Maden Mühendisleri Odası, geçtiğimiz hafta, 65 yıldır kiracı olduğu yerden, mahkeme kararıyla çıkarıldı. Cin fikirli eşhasın tezgâhladığı operasyona göre Türkiye Taşkömürü Kurumuna ait bina, sözde vergi borcuna karşılık önce Hazine’ye devredildi. “Kamu malının kamulaştırıldığı” operasyonun ikinci adımı Adliye’de atıldı. Mahkeme beş dakika süren ilk celsede, herkesin “Alt Cemiyet” olarak bildiği binanın “kamulaştırıldığı” gerekçesiyle tahliye kararı alarak operasyonu tamamladı...

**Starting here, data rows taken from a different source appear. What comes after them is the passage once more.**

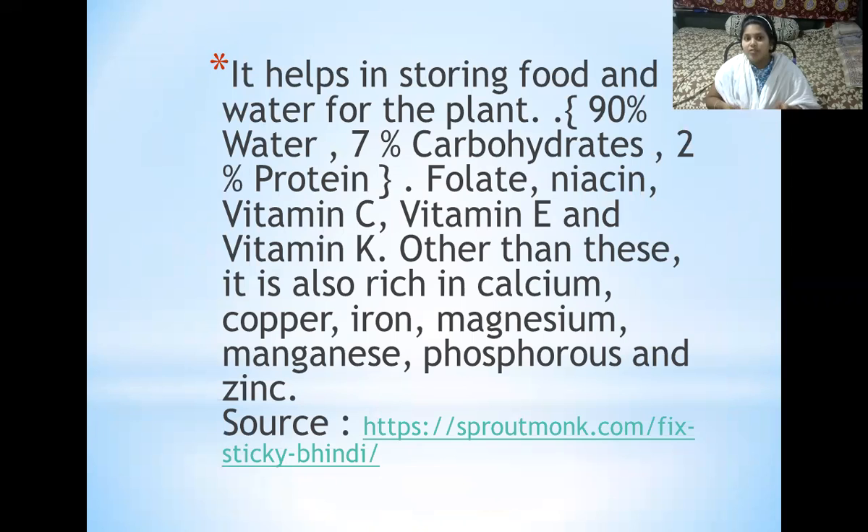Mucilage helps in storing food and water for the plant. Bindi contains almost 90% water, 7% carbohydrates which are called energy-rich foods, and 2% proteins. Proteins are the building blocks of our body or any organism.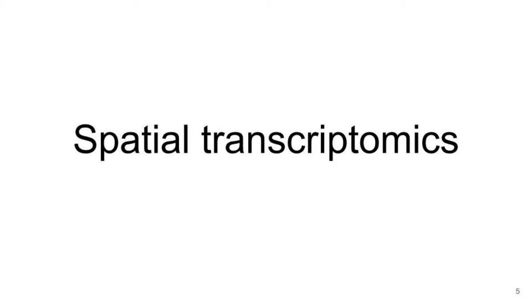Do we have any questions about how single cell works? Excellent. So the second question was related to spatial transcriptomics, and here is the promotional video of the 10x Genomics Visium system, which explains how it works.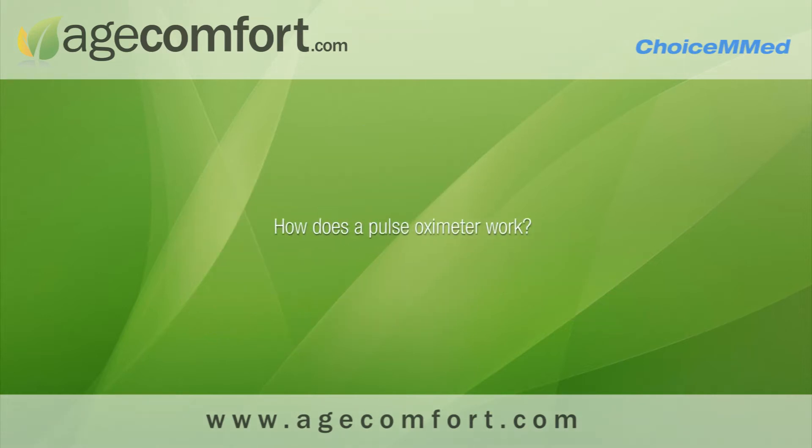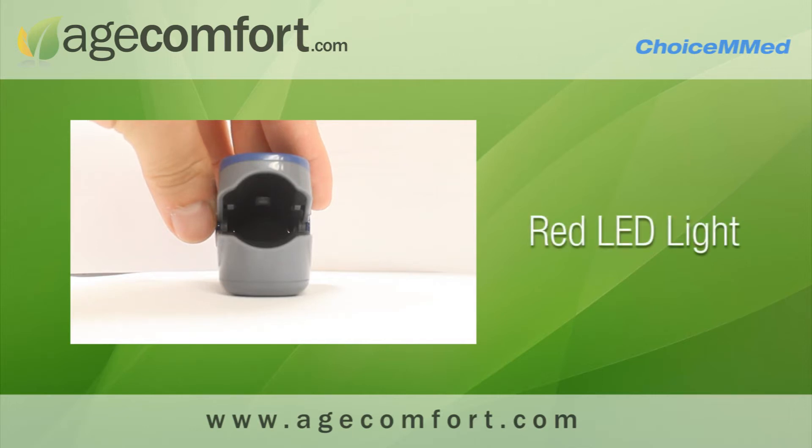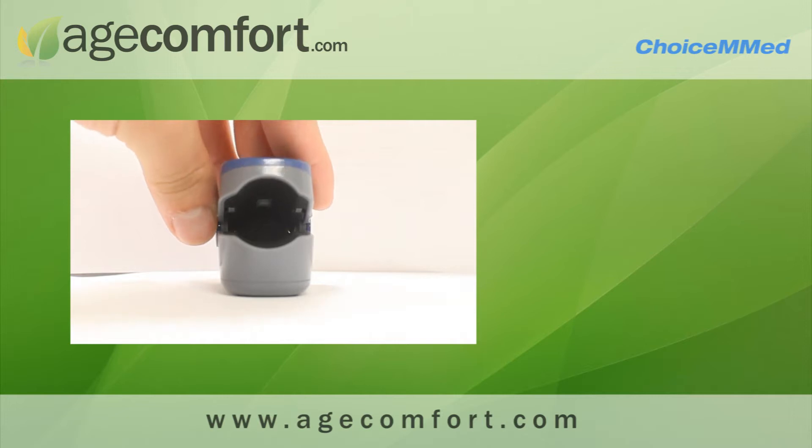How does a pulse oximeter work? When using the pulse oximeter, make sure that your finger lines up with the red LED light. This red LED light emits two wavelengths that reflect differently depending on the oxygenation of the blood cells.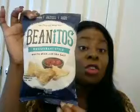And this is the restaurant-style white bean and sea salt chip. Then we have the high-protein Orgain vegan nutritional shake. It is dairy-free, soy-free, and gluten-free.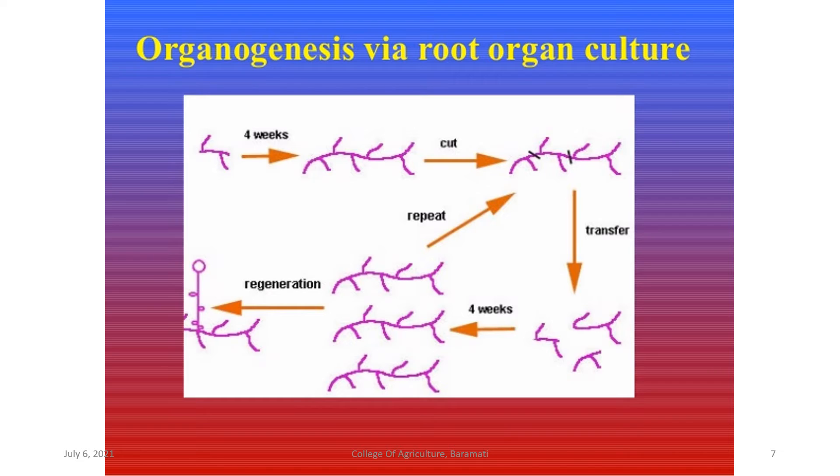Root production in bioreactors is done for production of various secondary metabolites. A schematic diagram shows how roots grow in culture: initially a small section is inoculated, and after 4 weeks it becomes larger and branched. During subculturing, 2 to 3 cuts are given and the pieces are transferred into new media bottles, grown for another 4 weeks. This procedure is repeated until maximum root mass is obtained. This is called organogenesis via root organ culture.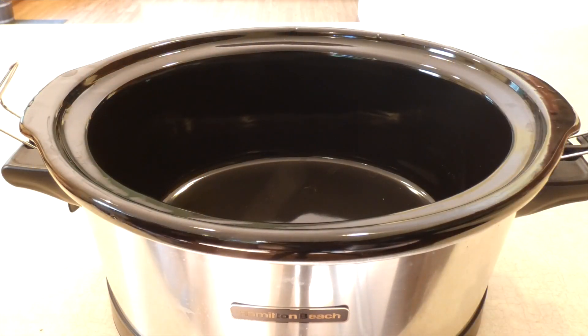It's fruity and uses pork as the protein source. This fruity pork recipe is a crockpot recipe, so it's very easy to put together.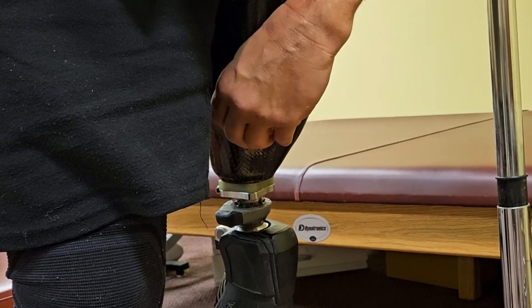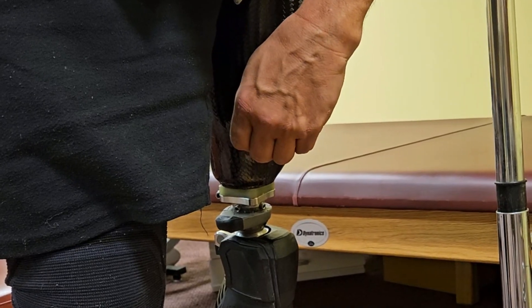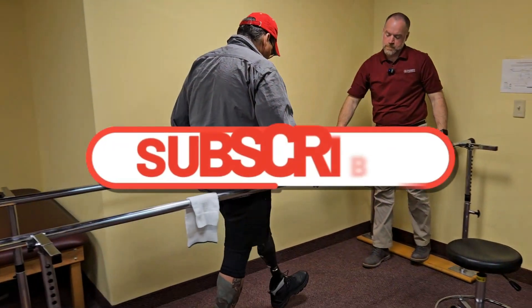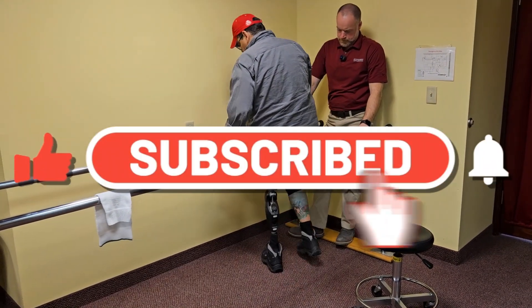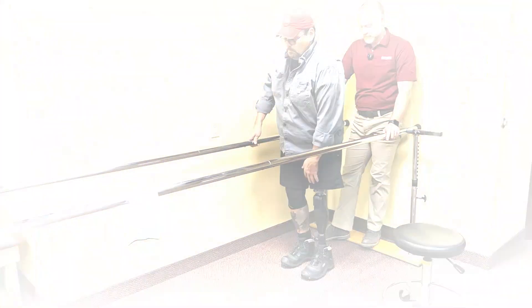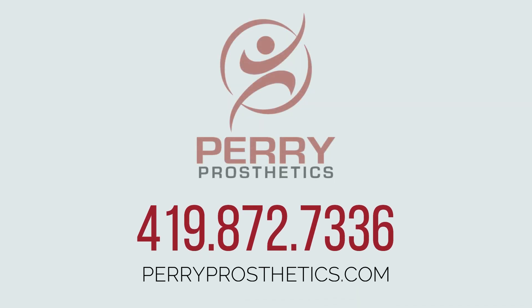Remember, always finger-tight only. The team at Perry Prosthetics is always available to answer questions from patients, family members, and medical professionals — contact us at any time.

Kim, ne kadar farkında bilmiyorum. Birilerinin sevinç çığlıklarıyla karşıladığı bu operasyon kentin sosyal-kültürel yaşamı kadar bir arada yaşam iradesine yapılmış “büyük saldırı” olarak geçecek tarihe. “İçki” gerekçesiyle bir yaşam biçimine kabaca müdahaleyi de içeren kötülüğün etkisi uzun yıllar sürecek. Gücü yetenin, kendisinden farklı olanı kamusal alandan kovması gibi bir içtihadın oluşmasına neden olan bu adım, “Hele şu devran bir dönsün” diyerek diş gıcırdatanların sayısını da artıracak…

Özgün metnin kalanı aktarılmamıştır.